Stories like these demonstrate the importance of compassion and solidarity amongst fire fighters, first responders and community members alike when faced with natural disasters. As wildfire season arrives earlier and more severely across drought-impacted states in the West, we’re already seeing the profound toll these deadly natural disasters can have on local communities and those taking on the enormous task of fighting the blaze.
When it comes to public safety and our first responders, our dedication is not limited to network enhancements or tools for responding to emergencies in the moment. Just as we work to support first responders when they’re on-duty fighting raging wildfires, we must also work to support their physical and mental wellness while off-duty.
Through FirstNet, Built with AT&T initiatives such as the FirstNet Health and Wellness Coalition, FirstNet’s animal assisted therapy program, ROG the Dog, and FirstNet’s app catalog that features mental health and wellness apps – we are making resources available to support the mental health of first responders.
- Learn more about the health and wellness resources FirstNet and others have put together: Supporting Our First Responders – On and Off the Job.
We are investing in these resources because improving mental health and wellness is an important step to properly supporting the brave individuals on the frontlines who work tirelessly to keep us safe.
We are also helping communities connect to resources to plan ahead for emergencies and natural disasters using tools from AT&T and other organizations:
Tips for Families & Small Businesses –
- Plan ahead with our tips & resources for preparing for natural disasters.
- Make sure you’re prepared with FEMA’s wildfire evacuation checklist.
- Sign up for emergency alerts via Ready.gov from local, state and federal officials.
- Download the Equip App, a free app built in collaboration between AT&T and the St.

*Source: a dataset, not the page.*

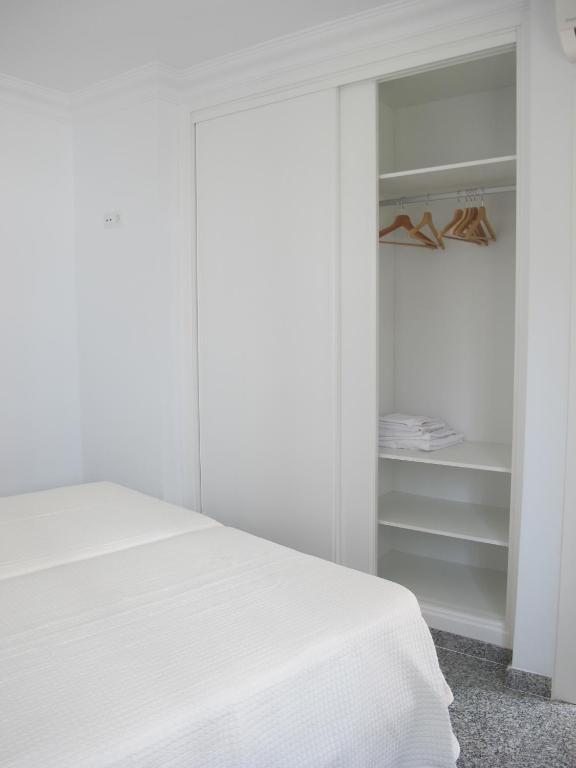 Posteľ alebo postele v izbe v ubytovaní Apartamentos Jimmy 2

Bernard Project (SBP) to connect communities with interactive tools to plan ahead and recover in the aftermath of natural disasters.
Tips for AT&T Customers –
- Learn how to request help with your AT&T account during a disaster.
- Learn about how to use your smartphone to stay connected in an emergency.
Tips for FirstNet Customers –
- Read FirstNet and Wildfire Response Operations: 5 Things You Need to Know
Rayshaun’s story is one of community and compassion. We thank him and his colleagues immensely for helping his community and supporting first responders in the wake of the blaze. This wildfire season, we encourage you to know your resources and to look out for yourself, your family and your community – the same way Rayshaun did when his community was in need.